Whether you’re a kindergartner heading off on your own, a Staples senior already counting the days to graduation, or a mom or dad feeling pride, trepidation and the warp-speed passage of time — or anyone else, who has ever gone to school — this story is for you. It was first published a few years ago, but is back by popular request.

Summer vacation ends with a thud tomorrow. Each year it’s the same: One day a kid’s free as a cat; the next he’s trapped, chained to the rhythm of the school calendar for 10 long months.

Greens Farms Elementary School.

Some youngsters love this time of year; they’re eager to greet old friends, and meet new ones. Or they can’t wait for the smell of newly waxed floors, the security of assigned seats, the praise they know will be lavished on them day after day.
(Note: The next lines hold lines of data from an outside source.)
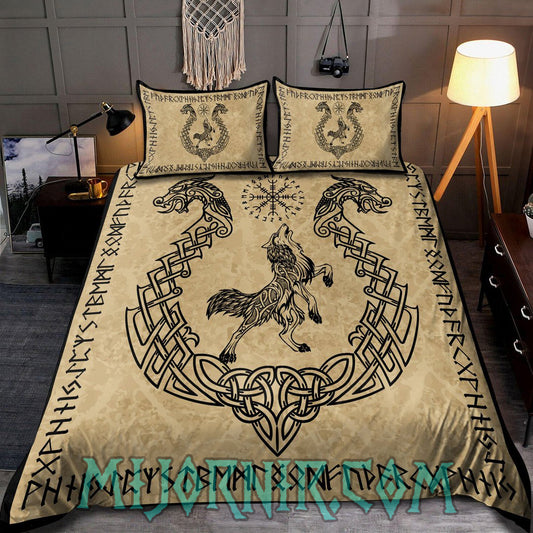 Fenrir's Rune Shield - Viking Duvet Cover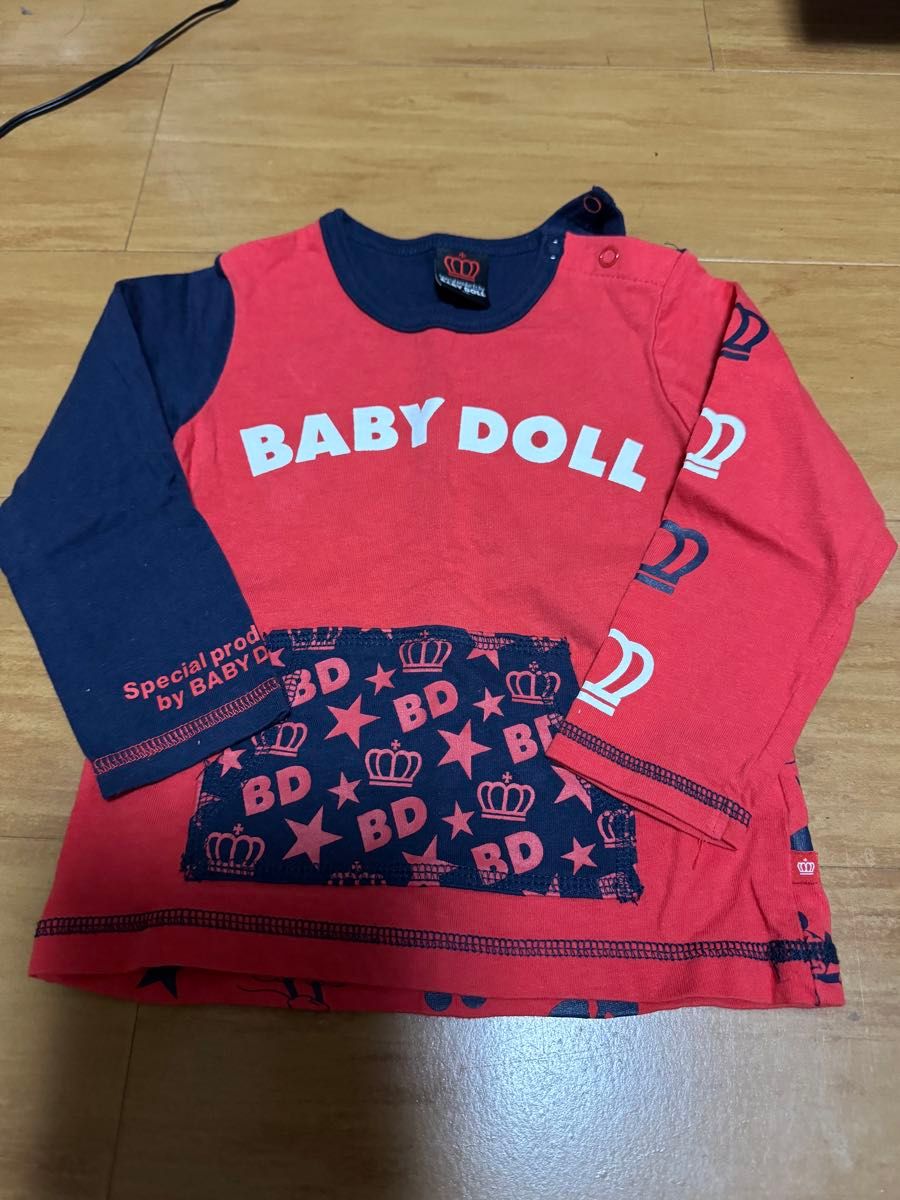 ベビードール　baby doll 赤紺　Tシャツ　90cm バックプリント　ミッキー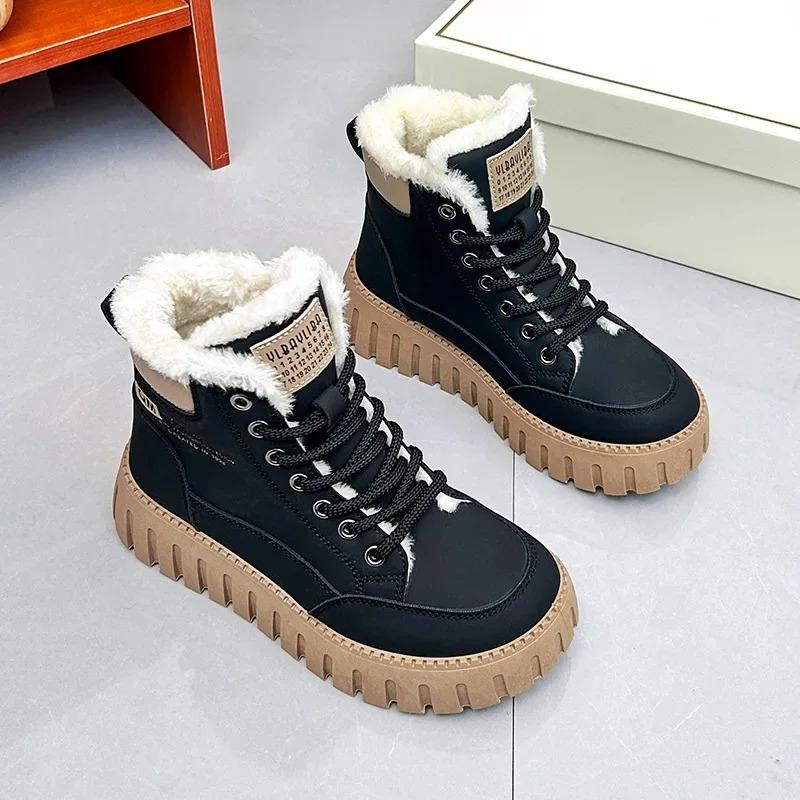 Platform Snow Boots Women 2024 New In Casual Sports Skateboard Shoes Winter Fashion Plus Fur Warm Ankle Boot Footwear Sneaker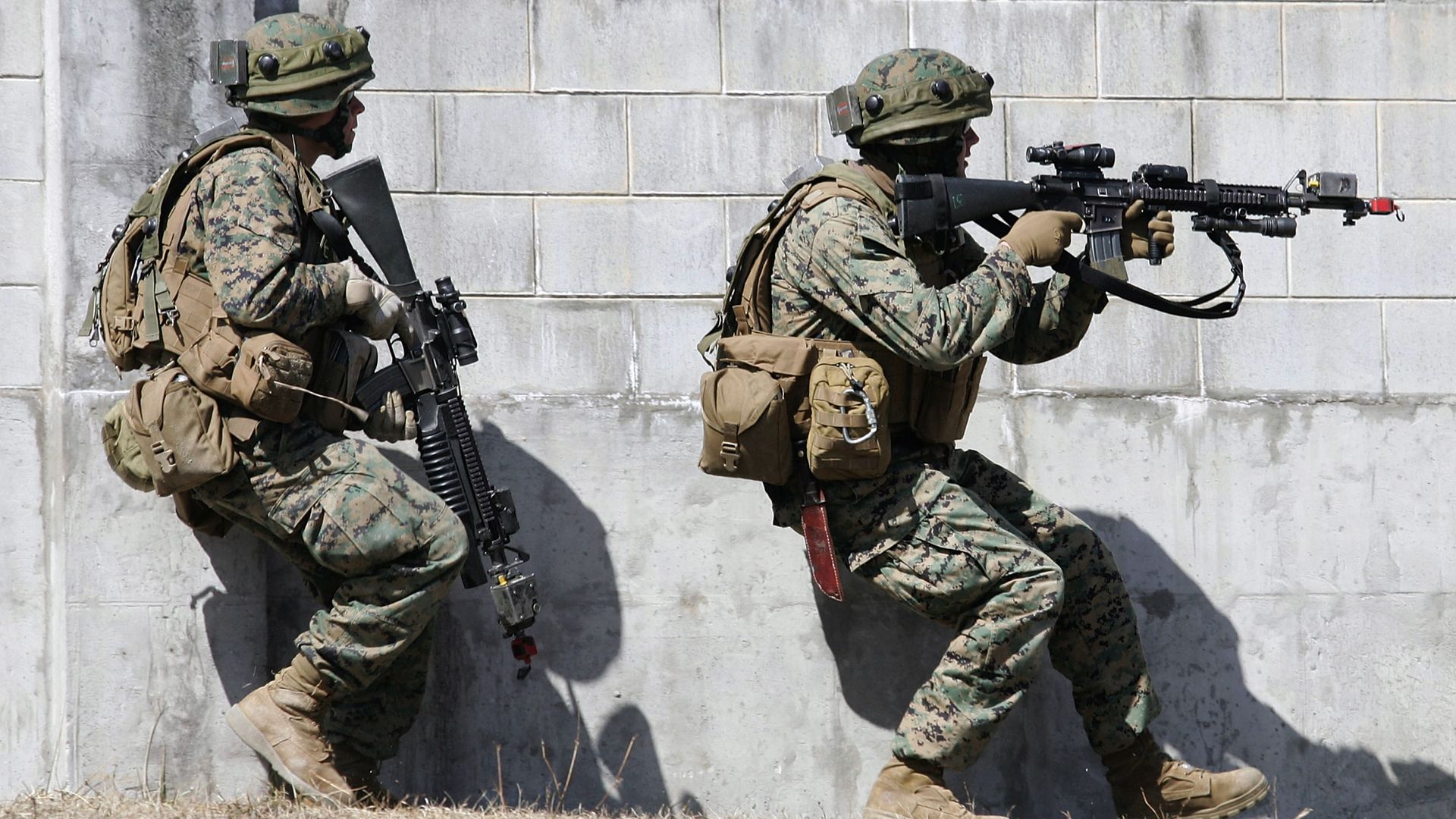 U.S Marine Corps officers participate in military exercise.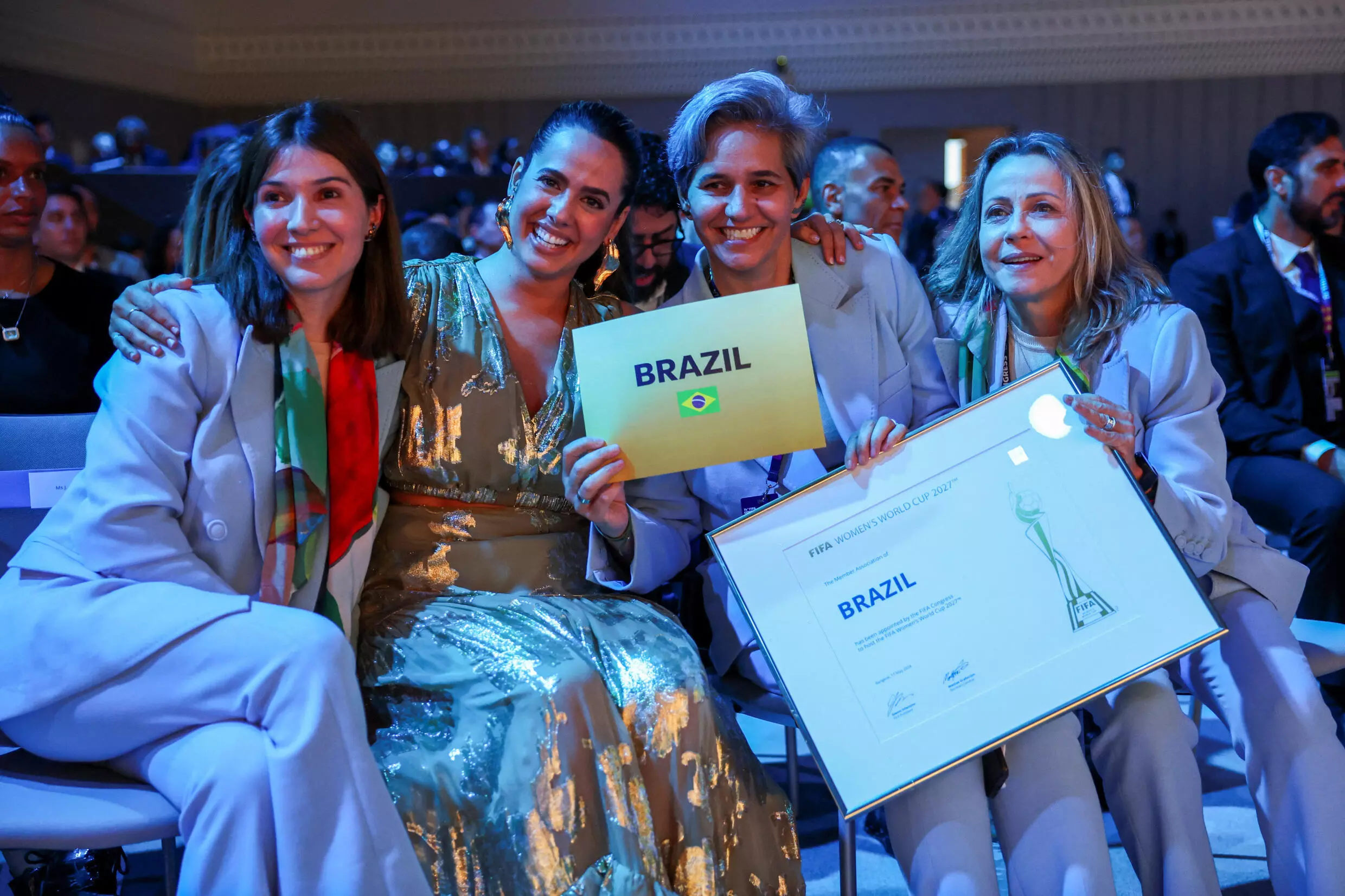 Delegación de Brasil celebra designación de la sede 2027 Foto: Reuters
Others abhor it. The thought of entering a strange building filled with strange faces, or trying to be part of a group of peers who won’t accept them, or sitting for hours at a time, doing work they can’t stand, is excruciating — even physically sickening.

Around this time each year, I think about the entire school experience. I wonder which kindergartner will hate school for the rest of the year because his teacher makes a face the morning he throws up in front of everyone, and which will love school because an aide congratulates her the afternoon she almost puts on her coat all by herself.

Which 1st grader will invent any excuse not to go to gym because he can’t throw a ball, and which will get through the school day only because he knows gym is coming soon?

Saugatuck Elementary School

Which 4th grader will walk meekly into class each morning with just one ambition — to get through the day without anyone noticing how ugly, or stupid, or poorly dressed she is — and which will look back on 4th grade as a turning point in her life because a guidance counselor took the time to talk to her, to show her how to comb her hair better, to make her feel good about herself?

Which 5th grader will have a teacher who does nothing when she catches him cheating on a test — too much effort to raise such a touchy issue — and which will have a teacher who scares him so much when he’s caught that he vows to never cheat in school again?

Which 6th grader will enter middle school intent on making a name for himself as the best fighter in his class, and which with the aim of never getting a grade lower than an A?  Which 6th grader’s ambition will change, and which will remain the same?

Bedford Middle School.

Which 9th grader will temper his fledgling interest in current events with the feeling “it’s not cool; no one else in class cares,” and which will visit the New York Times website every day because her class is working on “this really neat project”?

Which 10th grader will hate English because all she does is read stupid books assigned by the stupid teacher from some stupid list, and which will go to Barnes & Noble on his own for the first time because his teacher suggests there are more books by the same author he might enjoy?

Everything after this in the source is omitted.